12 thoughts on “The Altruistic Narcissist

  1. lickemtomorrow says:

    Well, that’s a pretty shitty video to start out the New Year … hate to say it.

    Like all things narcissism it’s shitty because it robs altruism of its true nature.

    Goddam. If nothing else, the truth will set you free.

    The new year is going to be confrontational for me.

    1. HG Tudor says:

      Not really, because it is not altruism therefore it cannot rob altruism of its true nature.
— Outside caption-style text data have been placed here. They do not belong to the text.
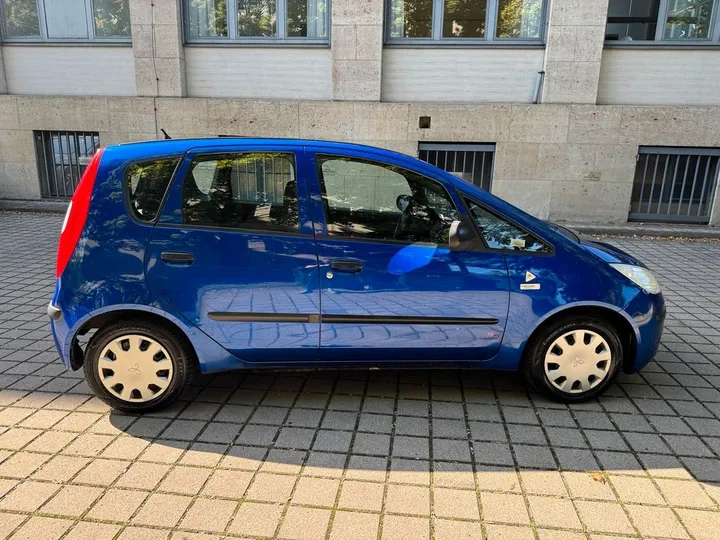 Mitsubishi Colt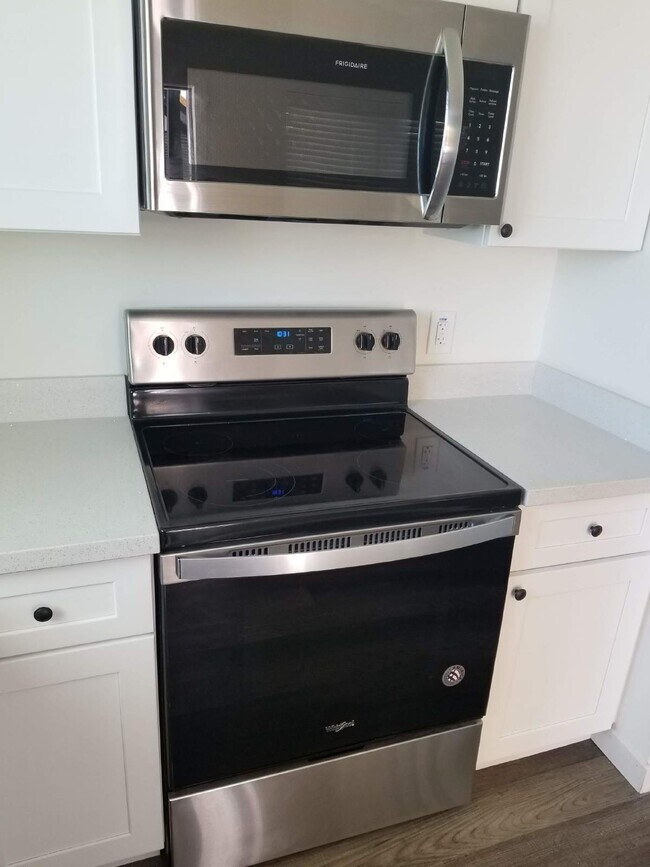 Building Photo - Charming Ground-Level 2BR/1BA with Private Patio Backyard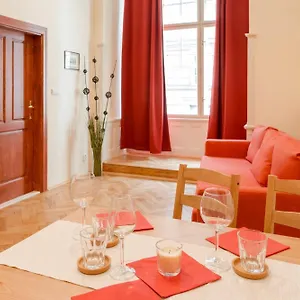  Apartment Stella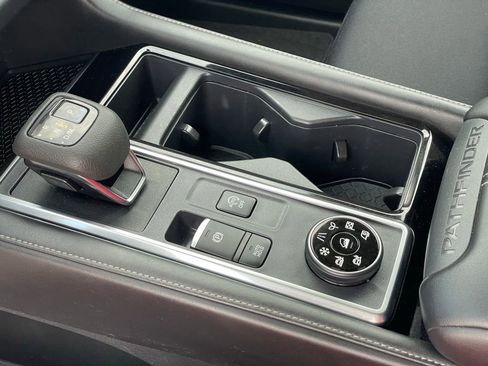 Certified 2022 Nissan Pathfinder SV AWD/4WD image 25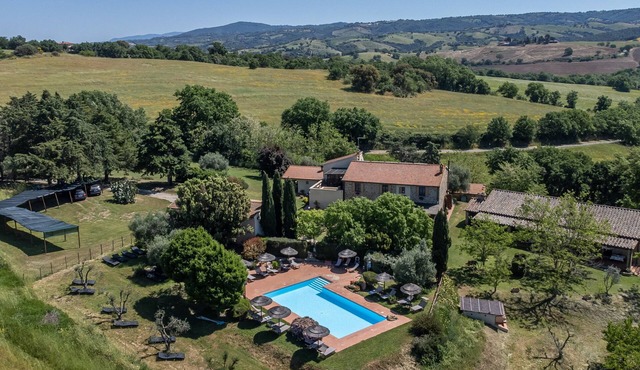 Apartment Olivo with Terrace, Shared Pool & Wi-Fi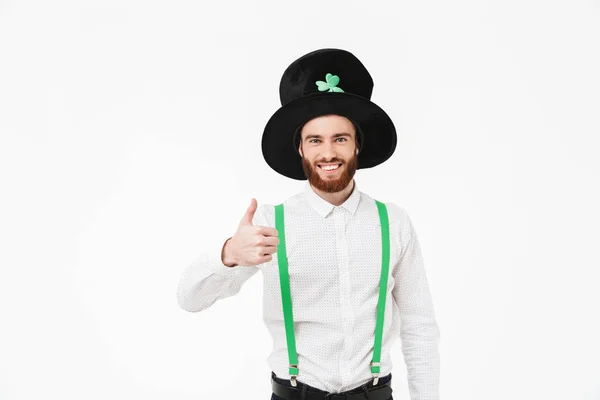 Munter ung mann som feirer St. Patricks dag – stockfoto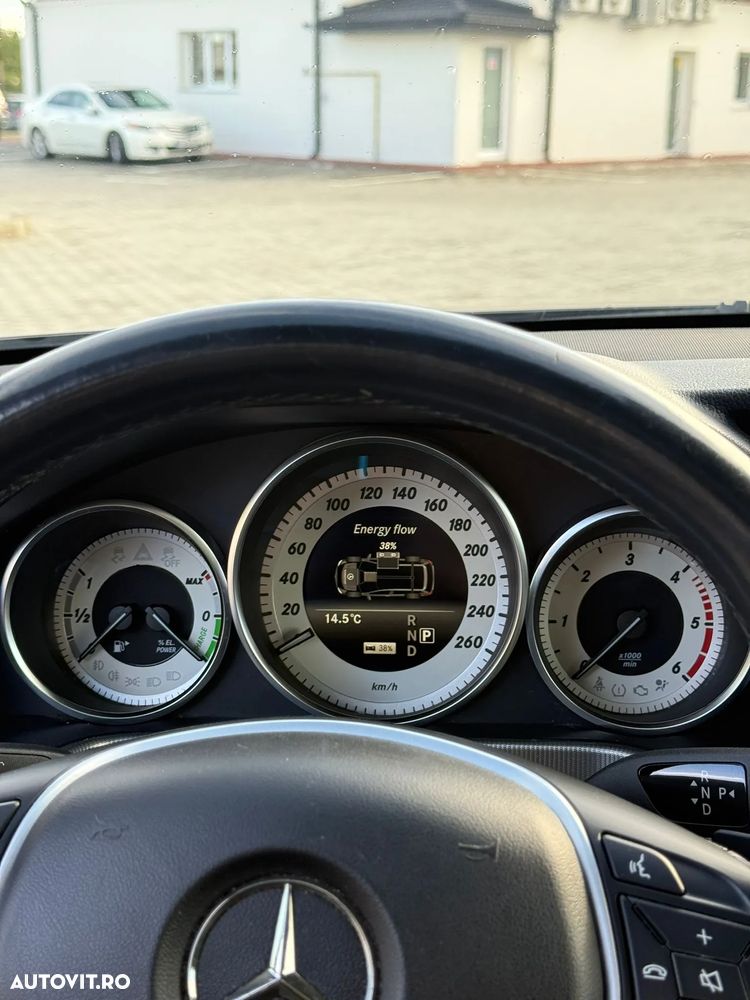 Mercedes-Benz E 300 T BlueTEC HYBRID 7G-TRONIC Avantgarde - 11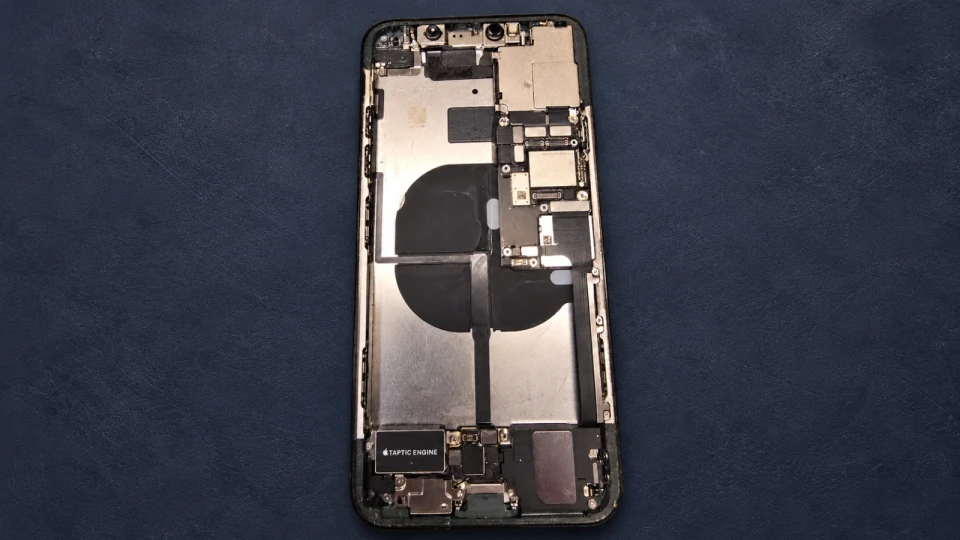 Открытый корпус iPhone 11 Pro Max после удаления старой проклейки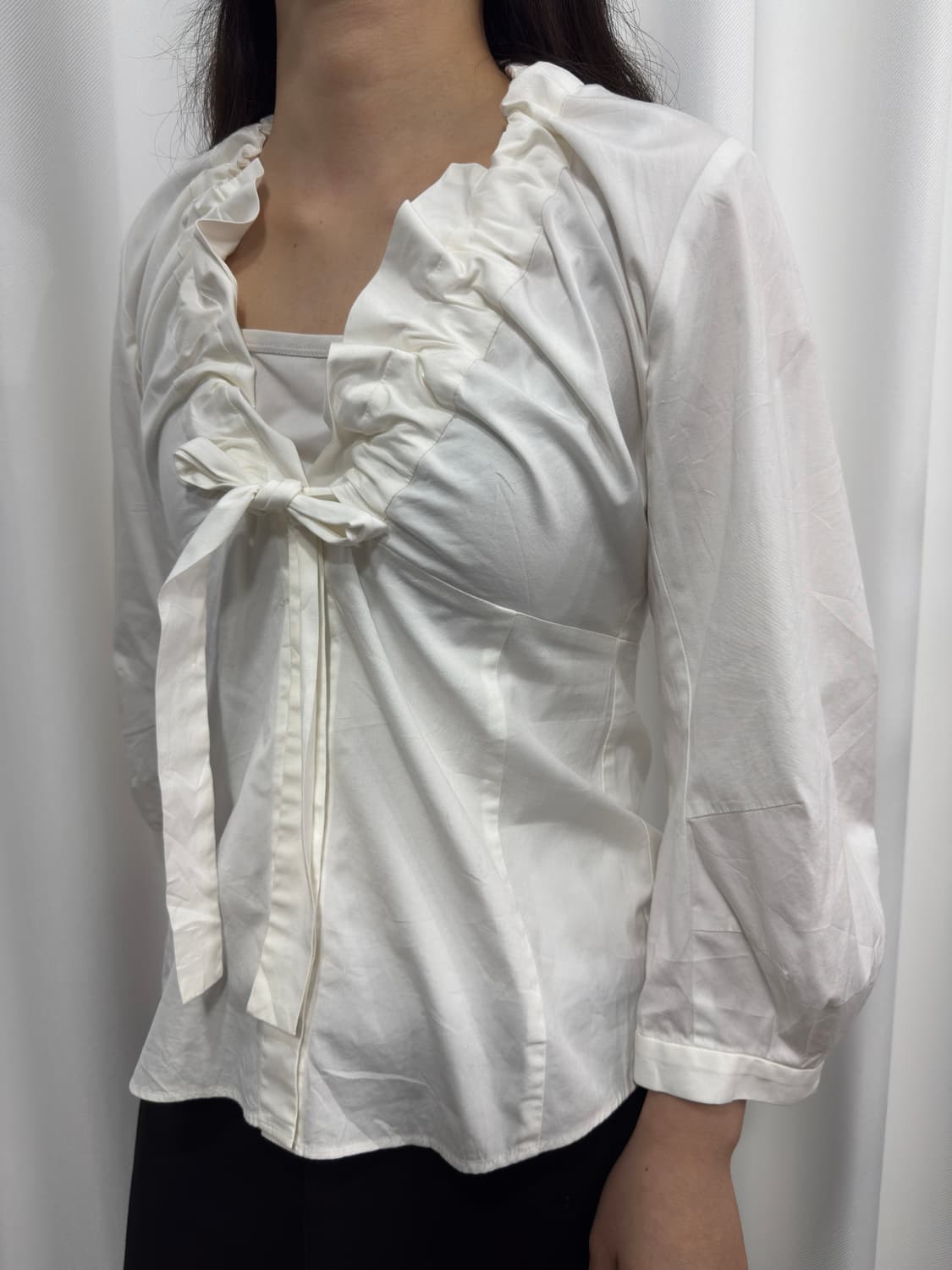dama white strap blouse 상품이미지4
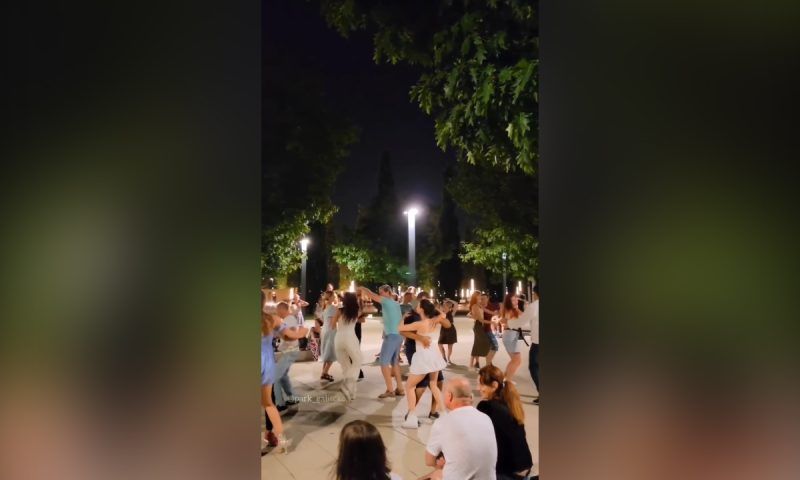 Танцы в карибском стиле: массовые вечера бачаты прошли в парке Галицкого в Краснодаре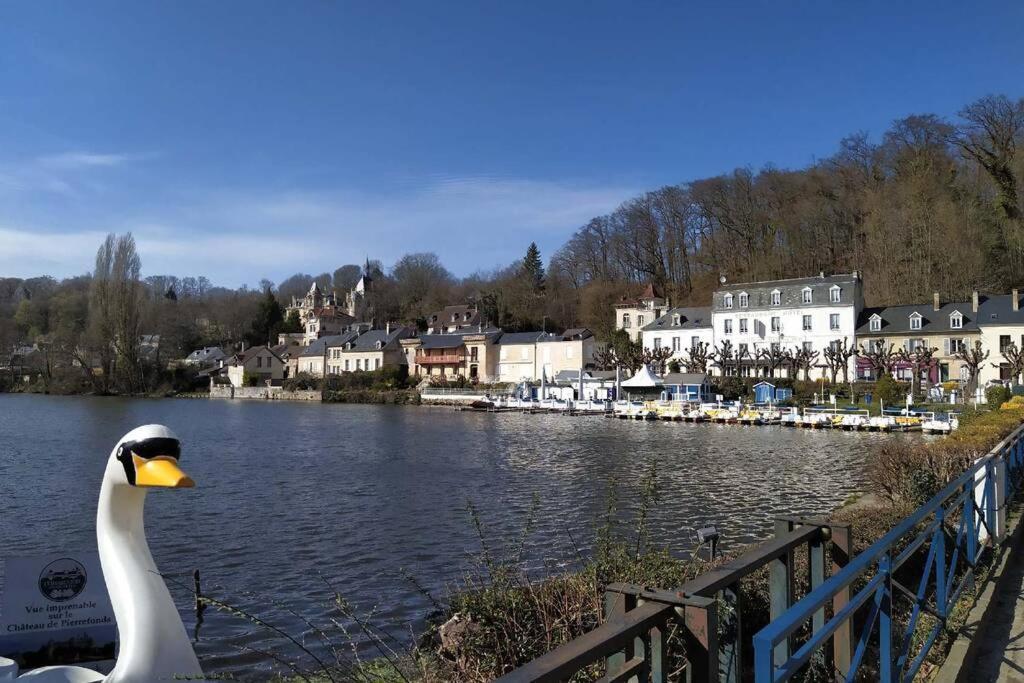 Appartement Vintage Avec Vue Sur Le Chateau Pierrefonds Kültér fotó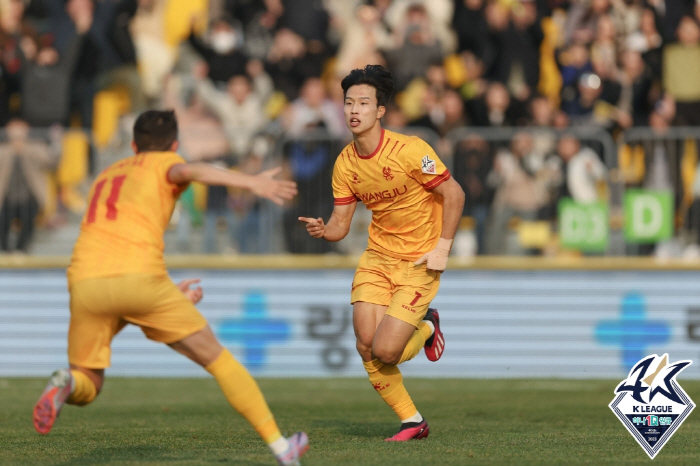 실속파가 많아 더 치열한 2023년 영플레이어상, 황재원-정호연-엄지성-…
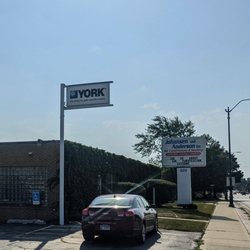 Johansen & Anderson - Storefront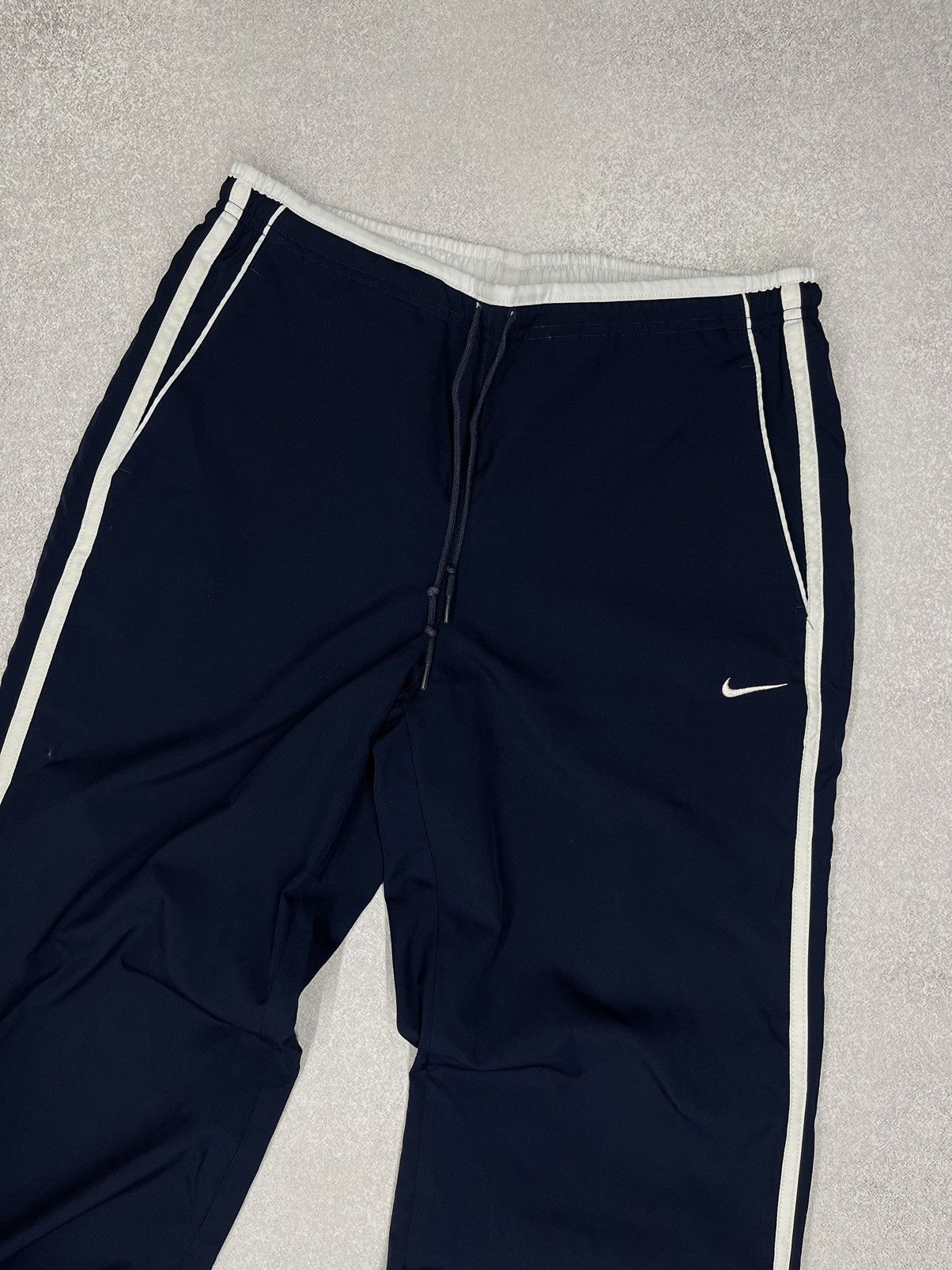 Nike Vintage Women Nike Nylon Pants Navy Drill Swoosh Y2K ACG TN Size 28" / US 6 / IT 42 - 3 Thumbnail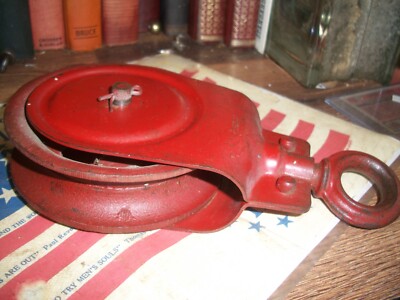 BARN STEEL PULLEY cast iron FRAME block & tackle hay loft OLD FARM ROPE WELL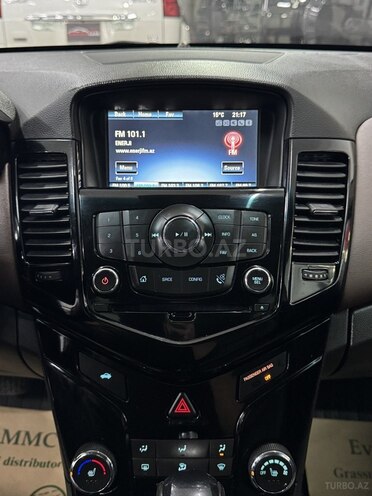 Chevrolet Cruze-22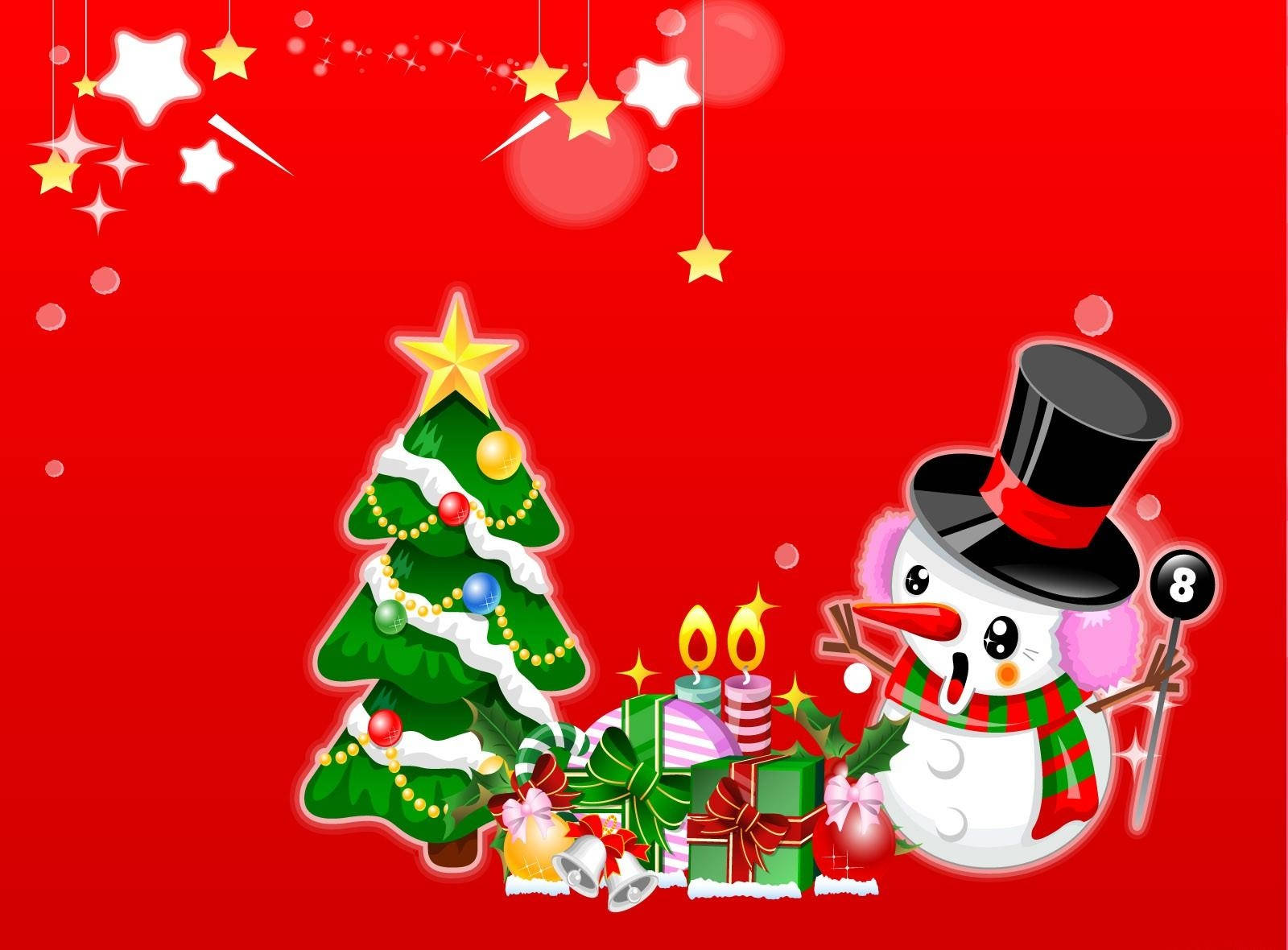 雪人 桌布 壁紙 — 一個戴高帽的快樂雪人，在裝飾著禮物和蠟燭的聖誕樹旁邊拿著撞球桿，背景是鮮豔的紅色。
      1. lickemtomorrow says:

        Thank you, HG. I needed that clarification.

    2. A Victor says:

      Hi LET, thank you for your comment. I think I had an entirely different take on this video. I’ve been pouting this holiday season at being without a significant other, everyone else has one, you know. But this video actually made me feel better about my state of singleness, better than being with a narcissist. And it allows me to let them go even more because it shows me even more their true selfishness and lack of concern for me. I am more glad than ever to be rid of them.

      1. A Victor says:

        Hi again LET, okay, so I’m also going through a bit of, ugh, frustration bordering on anger that I spent so many years on what someone here called one of the “twattiest of twats”, because of his supposed altruistic behaviors along with my own desire to see them as such and not look at the crap he also did as a result. Maybe I’m where you are too. Ugh. How are we supposed to separate that? They “look” so good sometimes but they’re actually so fk-ing bad. It makes focusing on what they say vs what they do a moot point. Right now I feel like punching that bastard for his lies and thievery. It will calm again I suppose, once I assimilate my new knowledge of the situation. But right now it is not a good place to be. Altruistic narcissist = oxymoron.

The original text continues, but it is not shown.